So, the Church of England (mostly, their house of laity) have voted against having female Bishops. In advance of the vote, some asked for calm - in the aftermath, there was anger, reflection, jokes, and some apparent point-scoring. I got in on the last, I'll admit.
But that wasn't really point-scoring; it was more a long sigh. I was brought up in Methodism - my father went to Wesley College in Bristol in 1980 (I think - I was young) and was ordained in 1982. We were posted to Marlow then, and then to Cheltenham in 1987, then Finchley in 1992 - and I took an interest in what was going on, administratively as well as spiritually, because, well, when you get shifted around every couple of years, you kinda want to know why.
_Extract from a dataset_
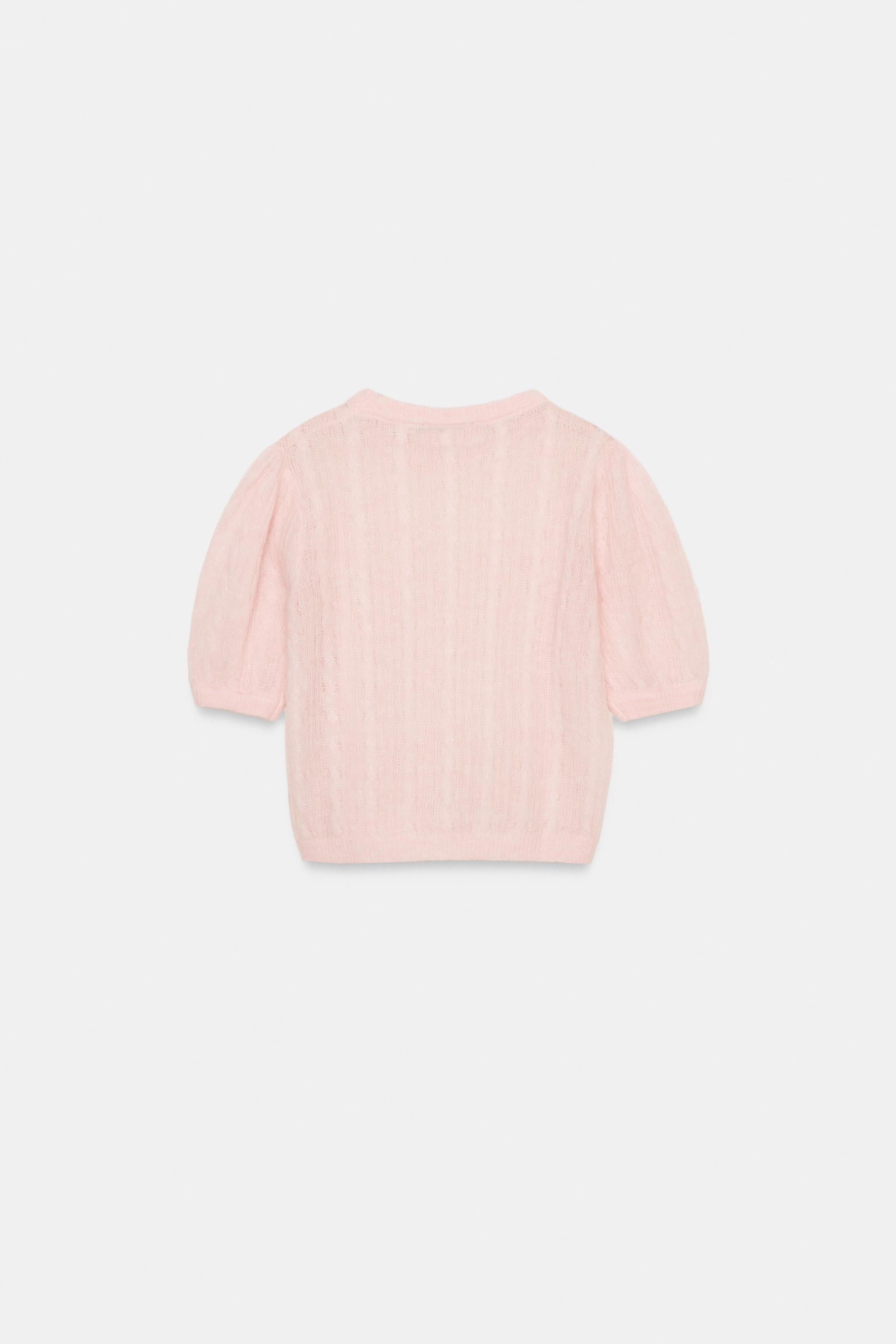 WOOL BLEND CABLE-KNIT SHORT SLEEVE SWEATER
So I was told, when I met my first Deaconness, that women had been ordained in Methodism since the early 1970s, which, as it was before I was born, was 'forever'. And Kathleen Richardson was installed in 1993 as the first female President of Conference (aka top dog), and that was just normal because women had been installed as District Chairs (aka bishops-ish) for ages, so it was nothing strange at all.
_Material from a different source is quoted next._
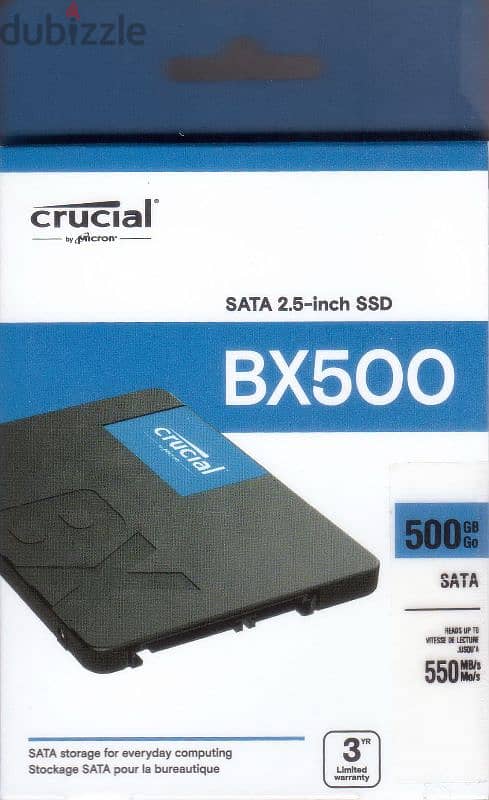 هارد كروشال إس إس دي - Hard Desk Crucial BX500 SSD 500 Giga 0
And while there is an evangelical wing of the Church which has some 'issues' with some 'people' (and the lovely acronym VOMet - not sure they hold much sway any more) there was, also in 1993, the statement that:
"Conference recognises, affirms and celebrates the participation and ministry of lesbians and gay men in the church. Conference calls on the Methodist people to begin a pilgrimage of faith to combat repression and discrimination, to work for justice and human rights and to give dignity and worth to people whatever their sexuality"
'Recognises, affirms, and celebrates' - sounds a heck of a lot better than 'tolerates'. Sounds - despite the cautious language elsewhere about marriage and avoiding promiscuity - like they actually mean it. I know, from the experiences of some gay Methodist clergy, that the path for them has not always been smooth; but they have not been fighting the dogma of their own denomination.
Because - a little like a ban on gays in the military - it always seemed odd (meaning, counter-productive, and not a little rude) to reject those who actually wanted to serve; who felt a vocation for that. Because it always seemed to me that if somebody said they were prepared to die for their country that said country should say 'thank you, thank you' - and treat them with respect.
And that that respect would not be limited to NCOs, but to all ranks. That it would not stop at a defined point like - well, a stained glass ceiling.
Because - as a girl then a woman, a feminist, concerned with the place of women in the world, and as a gay person, growing up...we all have to deal with the judgment of strangers, and sometimes the thoughtlessness of those close to us...but I never heard anyone I respect calling me bad, or wrong, or ill. That made a difficult journey easier. I am thankful for that.
I like the approach of the Quakers - the silence appeals to me, the quietly activist principles, the lack - ironically, as this is largely an argument about 'levels' - of hierarchy. Sometimes I would think, "well, if I hadn't been brought up in Methodism, I would be a Quaker" - but then the reality is that if I hadn't been brought up in Methodism, but in a more strident and stringent Church, I probably would have sacked the whole thing off, and rejected 'the Church' entirely.
So, no point-scoring, just a sigh. A sigh for people like me, kids like I was, trying to square what their Church is saying to them about what is acceptable with what they feel, what they believe, is more than acceptable. A sigh for those oppressed, depressed by it - and a sigh for those who get the hell out, when they might not really want to do that. And a really big sigh for those who don't get that saying 'OK, you can do this job but we're watching you and you'll never get promoted' doesn't exactly score high on the affirm/celebrate scale.
And it is genuinely very cool that Stockholm has a lesbian bishop. God moves in mysterious etc and so on.